Ci diamo un bacio e con le mani piene di pacchetti salgo le scale. Non faccio in tempo ad entrare in casa che il telefono comincia a squillare, è Claudio che inizia a raccontarmi cosa mi sono perso la sera prima a non andare nella solita discoteca. Mentre lui parla io comincio a scartare i pacchetti, nessuna carta regalo, solo scatole di diverse dimensioni, la prima che apro contiene un rasoio a mano e un biglietto “raditi”, ascoltando Claudio vado davanti allo specchio “la barba me la sono appena fatta, che cosa vuole, meglio di cosi???”. Claudio mi propone un sabato sera alternativo, un uscita con dei sui amici che sono venuti in città a trovarlo, accetto e chiudo la comunicazione curioso di scoprire il contenuto delle altre scatole, spero di trovare la tanto sospirata macchina fotografica digitale. Ma quando apro la seconda scatola e ci trovo un vestito fatto a tubino le mie idee si confondono, apro le altre e con stupore trovo un completo di biancheria intima femminile, delle calze e delle scarpe con tacchi altissimi, fino a quel punto avevo pensato ad un errore ma la dimensione delle scarpe non lascia adito a dubbi… Simona ha compiuto il grande passo, le scarpe ed evidentemente tutto il resto sono per me, il “raditi” è riferito alle mie gambe evidentemente e non alla mia faccia!
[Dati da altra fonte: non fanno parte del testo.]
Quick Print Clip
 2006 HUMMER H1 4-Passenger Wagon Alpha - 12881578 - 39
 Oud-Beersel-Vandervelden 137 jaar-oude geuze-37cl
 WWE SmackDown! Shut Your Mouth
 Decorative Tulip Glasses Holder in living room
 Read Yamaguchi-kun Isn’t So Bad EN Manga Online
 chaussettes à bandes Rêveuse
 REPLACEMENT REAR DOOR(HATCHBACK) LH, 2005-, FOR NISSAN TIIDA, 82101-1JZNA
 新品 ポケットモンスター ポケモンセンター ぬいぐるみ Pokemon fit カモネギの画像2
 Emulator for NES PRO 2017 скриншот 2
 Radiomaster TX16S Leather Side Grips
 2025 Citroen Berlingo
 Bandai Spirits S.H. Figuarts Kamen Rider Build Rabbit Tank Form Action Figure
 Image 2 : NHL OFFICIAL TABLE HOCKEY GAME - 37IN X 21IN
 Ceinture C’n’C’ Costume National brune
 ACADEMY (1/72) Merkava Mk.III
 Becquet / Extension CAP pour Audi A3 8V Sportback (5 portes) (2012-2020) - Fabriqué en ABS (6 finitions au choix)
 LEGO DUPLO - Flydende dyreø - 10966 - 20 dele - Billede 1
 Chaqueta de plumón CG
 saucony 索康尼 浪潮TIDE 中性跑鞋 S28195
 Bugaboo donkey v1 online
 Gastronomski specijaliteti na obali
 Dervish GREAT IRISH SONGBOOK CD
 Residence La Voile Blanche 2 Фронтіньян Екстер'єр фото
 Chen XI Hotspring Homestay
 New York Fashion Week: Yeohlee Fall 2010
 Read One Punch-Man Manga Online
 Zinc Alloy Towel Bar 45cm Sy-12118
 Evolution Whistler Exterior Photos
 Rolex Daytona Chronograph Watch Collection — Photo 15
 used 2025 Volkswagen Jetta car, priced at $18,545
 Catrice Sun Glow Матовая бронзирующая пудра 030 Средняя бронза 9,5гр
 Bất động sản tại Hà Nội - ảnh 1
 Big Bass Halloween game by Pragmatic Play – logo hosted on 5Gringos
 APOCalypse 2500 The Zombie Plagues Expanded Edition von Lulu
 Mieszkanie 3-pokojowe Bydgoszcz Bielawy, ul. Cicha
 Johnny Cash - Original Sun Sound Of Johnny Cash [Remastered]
Sono emozionato, provo la stessa sensazione che provano i bambini quando sono scoperti a combinare qualche guaio, giro per casa come impaurito che qualcuno abbia visto, o sappia cosa è successo.
Vado in bagno, per fortuna mi è rimasta della schiuma da barba e riesco a depilarmi le gambe, la pelle liscia mi fa impazzire e corro in camera dove ho lasciato tutti i vestiti, riordino tutto, metto via i miei abiti maschili e lascio sul letto quelli che dovrò mettere nel pomeriggio per andare da Simona. Mangio e incomincio a capire che la parte difficile sarà arrivare fino al suo appartamento, probabilmente la parte più rischiosa sarà quando dal parcheggio del suo condominio dovrò salire fino al suo appartamento; per fortuna non è estate e la temperatura esterna mi permette di usare un soprabito per coprire il mio abbigliamento, ma le scarpe? No, per quelle non posso fare niente… fossi almeno un po’ più basso, il mio metro e ottantacinque più i dieci centimetri di tacco se non di più, mi renderanno quantomeno vistoso!
Tra un pensiero e l’altro sono gia le due, mangio e torno in camera a vestirmi. Richiamo alla mente tutti i gesti che ho visto fare dalle ragazze che ho visto vestirsi nella mia vita, e tento di ripetere tutto, mi preparo come se avessi un appuntamento importantissimo, la crema per ammorbidire la pelle, il profumo e poi ci vorrebbe il trucco… sarà un caso, ma Simona aveva dimenticato parte dei suoi trucchi a casa mia due settimane prima. Dopo almeno tre tentativi decido che il make up può andare, sono abbastanza soddisfatto, anche perché non posso pretendere troppo, non ho sicuramente lineamenti femminili, e la parrucca, che è quella usata alla festa, sembra uscita da un film degli anni settanta! Prendo in mano la guepiere nera, provo a metterla, ma l’operazione non è delle più semplici, sono costretto a slacciare i cordini che la stringono sul davanti che una volta indossata servono ad assottigliare la vita, in un’altra scatola ci sono due pezzi di gomma a forma di seno (almeno una quarta) li infilo nelle coppe e la mia figura comincia a cambiare… mi siedo sul letto, e incomincio ad infilare le calze, il nylon sulla pelle liscia mi regala attimi di gioia, mentre faccio scivolare la calza sulla gamba mi sento seducente, come se potessi avere ai miei piedi chiunque, una sensazione strana e diversa da qualsiasi altra provata finora. Allaccio le calze alla guepiere e mi infilo il vestito, prima di guardarmi allo specchio mi metto le scarpe col tacco, deve essere stato difficile trovarle del mio numero, sono semplici scarpe nere col tacco squadrato ma sottile, essenziali ed eleganti; comode?! No, ma nessuno ha mai detto che bisogna sempre essere comodi! Camminare è un impresa, ma con qualche appoggio arrivo davanti allo specchio: spaziale, non mi riconosco e, in effetti, non sono tanto male, secondo me molto meglio di molti travestiti che ho visto in giro per le strade, ma l’importante è che piaccia a me e a Simona… già Simona, ma che ore sono?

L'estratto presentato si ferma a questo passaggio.